▶ **Exercise requirements**
A verbatim copy of all the data is required; the pictures should not appear in it.

▶ **Supplied material**
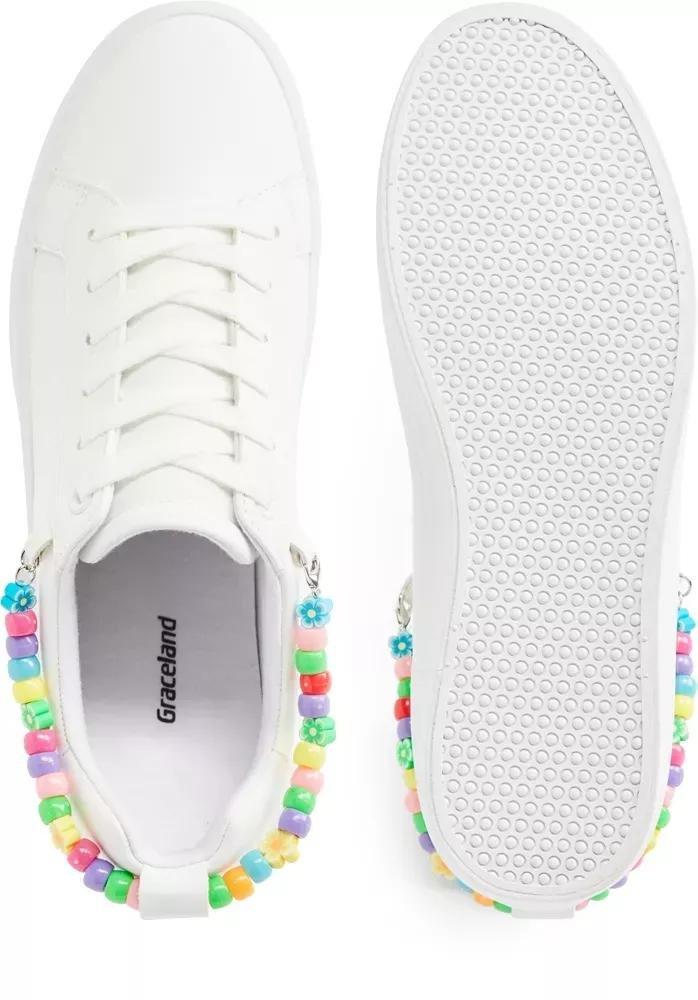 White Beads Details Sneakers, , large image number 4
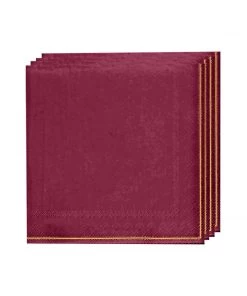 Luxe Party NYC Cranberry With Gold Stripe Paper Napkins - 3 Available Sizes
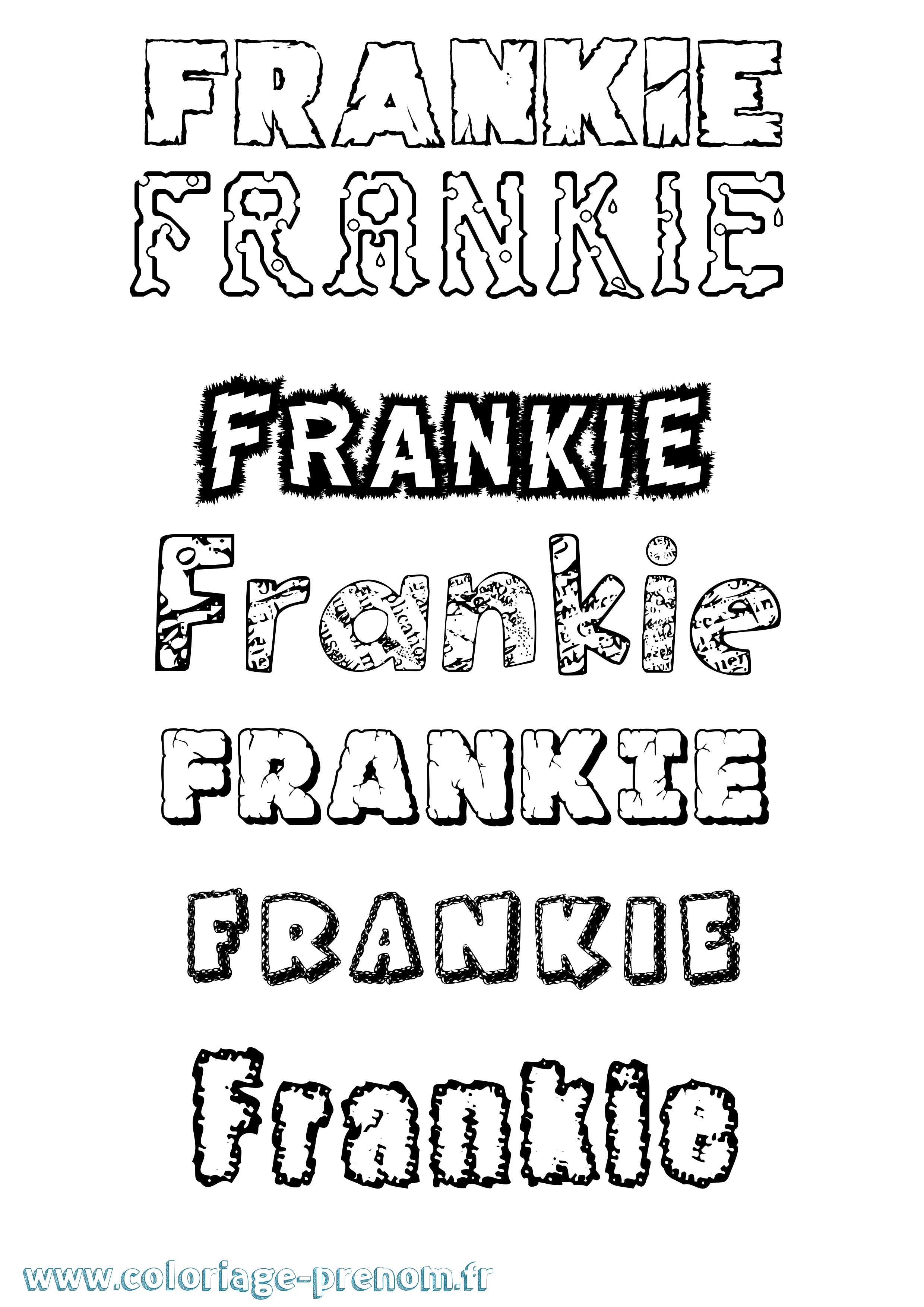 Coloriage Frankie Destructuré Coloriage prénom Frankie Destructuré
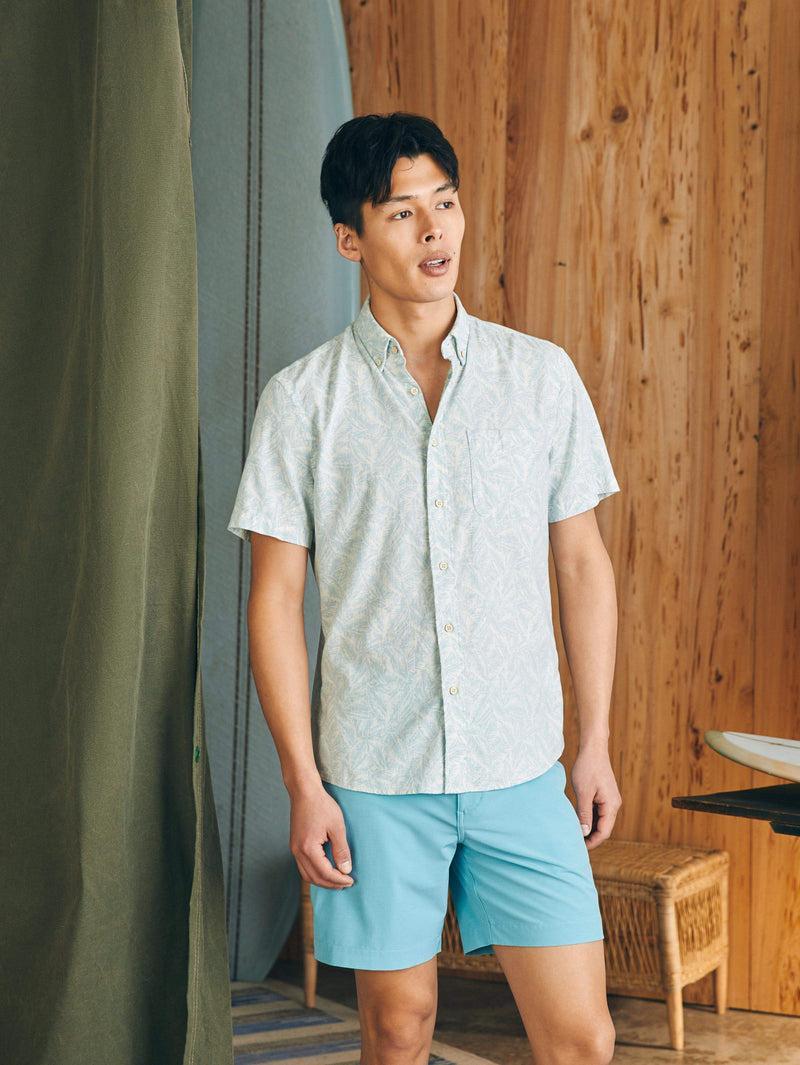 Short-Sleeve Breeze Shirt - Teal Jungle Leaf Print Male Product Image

▶ **Result of the exercise**
 White Beads Details Sneakers, , large image number 4
 Luxe Party NYC Cranberry With Gold Stripe Paper Napkins - 3 Available Sizes
 Coloriage Frankie Destructuré Coloriage prénom Frankie Destructuré
 Short-Sleeve Breeze Shirt - Teal Jungle Leaf Print Male Product Image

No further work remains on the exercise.